Zabriskie Point

We drove today from Ridgecrest to Furnace Creek. Ridgecrest's one distinguishing feature is the nearby China Lake Naval Weapons Testing Centre. As China Lake contains not a drop of water but acres of salt flats, it is not a place for practicing marine manouvres, but I've no doubt the Navy know what they are doing. The motel restaurant featured photographs of Tomahawk Missiles. Enough said.

Travelling north past Trona (see yesterday) and Searles Lake Borax Works up into the Panamint Valley, one sees derelict, rundown, backwoods America of a kind we never see in the UK. Flimsily built timber houses left as little more than skeletons. Barber shops that look as if they haven't seen scissors wielded in anger since the gold rush. Railtracks blocked with padlocked gates. There was even tumbleweed.

But the geology was fascinating. Mountain faces zigzag striped with strata of every colour. Giant washouts where flash floods had torn strips through the sand. And very little wildlife at all. Apart from the surprise appearance of a desert tortoise about to cross the road, and immediately withdrawing into his shell at our approach. Not that his shell would have saved him if I'd run over him. Then another fifty yards further on. Then no more.

We climbed the steep pass, peaking at 5,000 feet before descending to Stovepipe Wells, and we were at last in Death Valley itself. More coloured stripey rockfaces like Panamint Valley, then the shock of the Mesquite Dunes. Rolling, curving acres of sand, shaped by the wind.
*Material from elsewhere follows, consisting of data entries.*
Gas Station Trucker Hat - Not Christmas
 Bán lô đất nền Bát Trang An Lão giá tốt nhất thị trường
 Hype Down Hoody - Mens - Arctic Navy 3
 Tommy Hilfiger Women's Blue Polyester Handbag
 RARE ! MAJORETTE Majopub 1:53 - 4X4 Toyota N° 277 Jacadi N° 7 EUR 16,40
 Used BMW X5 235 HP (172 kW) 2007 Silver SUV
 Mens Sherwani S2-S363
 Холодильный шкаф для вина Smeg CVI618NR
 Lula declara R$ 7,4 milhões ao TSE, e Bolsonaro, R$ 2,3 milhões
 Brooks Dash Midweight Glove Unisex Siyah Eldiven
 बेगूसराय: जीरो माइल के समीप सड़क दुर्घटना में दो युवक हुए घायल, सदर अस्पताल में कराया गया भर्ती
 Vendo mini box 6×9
We went down to the Devil's Golf Course, where spiky pinnacles of salt, still growing today, look like nothing I've ever seen. Further down the valley to Badwater Creek, over 300 feet below sea level. Then round the Artist's Drive, where the multi-coloured rocks look just like powdered paints splattered on an artist's pallette. This was the most colourful and beautiful sight of the day.

The heat has to get a mention. Death Valley is the hottest place in the world. Today we saw 100degF. That is stifling. When you climb out of the air-conditioned car, the heat hits you like a heavy curtain from which there is no escape.

But the most dramatic was Zabriskie Point, in this picture. Unbelievably, stunningly, breathtakingly, bewildering, shocking. You had to just stand quietly, in awe at what beauty nature can create.